THE economic costs of traffic in Metro Manila are going up every single day, and unless the government implements the solution offered by the exhaustive one-year study conducted by the Japan International Cooperation Agency (Jica), the horrendous traffic jams bedeviling motorists will cost a staggering P6 billion a day in 15 years, as opposed to P2.4 billion today.
The study revealed that the metropolis needed 137 kilometers of new roads, 78 km of urban expressways and more than 200 km of new rail transit lines, both elevated and underground. But instead of building such infrastructure, the measures being proposed by the government to ease traffic woes are downright silly: Land Transportation Franchising and Regulatory Board member Ariel Inton wants private vehicles off Epifanio de los Santos Avenue (Edsa), while Metropolitan Manila Development Authority Chairman Francis N. Tolentino wants traffic lights and traffic enforcers to alternately manage traffic on Katipunan Avenue.
One key road infrastructure that falls within the ambit of Jica’s offered solution to the daily traffic, but is yet to materialize, is the planned North Luzon Expressway-South Luzon Expressway Connector Road. Once constructed, the 13-km connector road will greatly ease the daily traffic jams on Edsa and Circumferential Road 5, or C-5, that now threaten our agricultural and manufacturing industries. The connector-road project will also link Clark and Ninoy Aquino international airports, as well as provide access to Manila’s busy ports.
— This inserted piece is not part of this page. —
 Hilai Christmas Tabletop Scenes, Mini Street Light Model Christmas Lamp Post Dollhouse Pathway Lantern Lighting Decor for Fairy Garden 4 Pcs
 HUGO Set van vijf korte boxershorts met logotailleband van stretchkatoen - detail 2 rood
With the connector road, there will be tremendous savings and even the poor are seen to take advantage of its huge benefits, which the study extrapolated: The current average transport cost of P42 a day would be reduced to P24, while travel time would be cut from 80 minutes to 30 minutes.
There is no better concrete plan than that for the connector road, which is something that even Hong Kong, Singapore and Thailand have constructed for their benefit, because they have scarce lands. As Jica Philippines Senior Representative Eigo Azukizawa said: “[An] efficient public-transport system is a pro-poor investment, as it provides reasonable ways of moving. [Also], it enables people to commute from suburban areas, where one can afford housing in a more spacious and safer area.”
Anchor Land’s dilemma
A PLAN by listed Anchor Land Holdings Inc., which specializes in sophisticated property developments, to revive the glory of the Admiral Hotel has been put in hold, with the old hotel half-demolished after the National Historical Commission of the Philippines (NHCP) flip-flopped on its earlier decision to greenlight the demolition after heritage conservationists expressed indignation.
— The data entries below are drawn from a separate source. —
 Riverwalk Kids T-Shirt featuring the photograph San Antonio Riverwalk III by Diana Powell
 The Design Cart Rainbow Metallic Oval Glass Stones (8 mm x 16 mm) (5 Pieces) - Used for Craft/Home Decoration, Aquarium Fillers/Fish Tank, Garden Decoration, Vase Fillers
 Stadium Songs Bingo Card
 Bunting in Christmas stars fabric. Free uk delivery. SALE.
Anchor Land earlier sought the NHCP’s opinion after it bought the Admiral Hotel from the Lopez-Araneta group in 2009 and was intent on developing the property with the view of making it a cultural-heritage site. The commission then wrote that Anchor Land could consider the property for “adaptive reuse,” which led to its decision to put up an entirely new structure, since the hotel can no longer be retrofitted and is structurally unsound.
Thus, Anchor Land proceeded to demolish the building and, at the same time, tapped the Accor Group, a big European hotel operator, to take over the management of the new hotel once it is built. What followed, though, was a lamentable cease-and-desist order issued by the NHCP, acting on a petition from heritage conservationists.
The heritage conservationists made a fuss about the demolition and, after an inspection of the site on September 23, petitioned the commission to stop it. Now, not only is Anchor Land in a big predicament, thanks to the NHCP flip-flopping on its initial decision, its P1-billion investment to resurrect Admiral Hotel as a 150-room super deluxe hotel is in danger of being “wasted,” due to no fault of its own.
Corporation Code seminar
A SEMINAR on the proposed amendments to the Corporation Code and updates on corporate reportorial compliance that targets directors, compliance officers, corporate secretaries, business owners, practicing lawyers and certified public accountants (CPAs), among others, will be held on October 23, from 9 a.m. to 5 p.m., on the fifth floor of RCBC Plaza. CPA-lawyer Rosario S. Bernaldo will lead the discussions on the proposed amendments and how these may affect businesses.
Other CPA-lawyers will speak on best practices in conducting annual stockholders’ and board of directors’ meetings, and in keeping up-to-date corporate records and complying with the government’s reportorial requirements. Lawyers Danilo C. Cunanan, Pepito G. Po, Christopher A. Presto and Reynato M. Directo, all partners of Bernaldo Directo & Po Law Office, will act as resource persons.